Byzantine literature
literary periodization
paradigm shift
Medieval Greek language
taxonomical criteria

How to Cite

Agapitos, P. A. (2015). Contesting Conceptual Boundaries: Byzantine Literature and Its History. Interfaces: A Journal of Medieval European Literatures, (1), 62–91. https://doi.org/10.13130/interfaces-4914
Received 2015-06-20
Accepted 2015-06-20
Published 2015-07-05

Abstract

The paper presents the problems of writing a history of Byzantine literature in the context of postmodern anxieties about canonization, authority and narrative histories of literature.

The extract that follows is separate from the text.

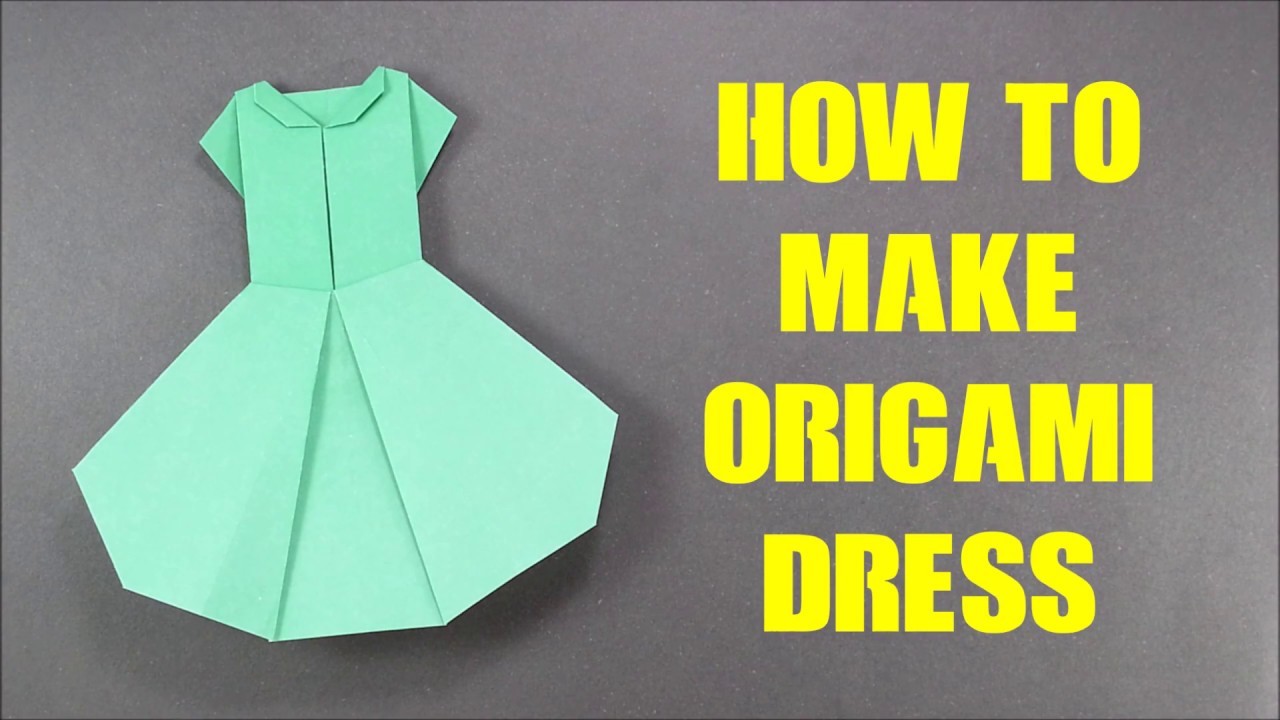 How to Make Origami Dress (Version 2) - Easy Origami Tutorial for ...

An essential difficulty for such a project is the fact that Byzantine literature has been viewed as a continuation of or appendix to Ancient Greek literature, while, on the other, it has been divided into 'learned' and 'vernacular,' the latter category having been defined as Modern Greek since the middle of the nineteenth century. The paper offers two sets of criteria for establishing new concepts of periodization and taxonomy. A series of examples are indicatively adduced in order to explain the scientific and ideological impasse in which Byzantine Studies have found themselves at the end of the previous century, while delineating a proposal for a different approach to content and structure of a wider synthesis. Writing a 'new' history of Byzantine literature is an experiment in proposing a radical paradigm shift by means of which this particular literary production in Medieval Greek can be studied within the broader context of Medieval European literatures as an integrated entity rather than as a separate and peripheral phase in the histories of Ancient or Modern Greek literature.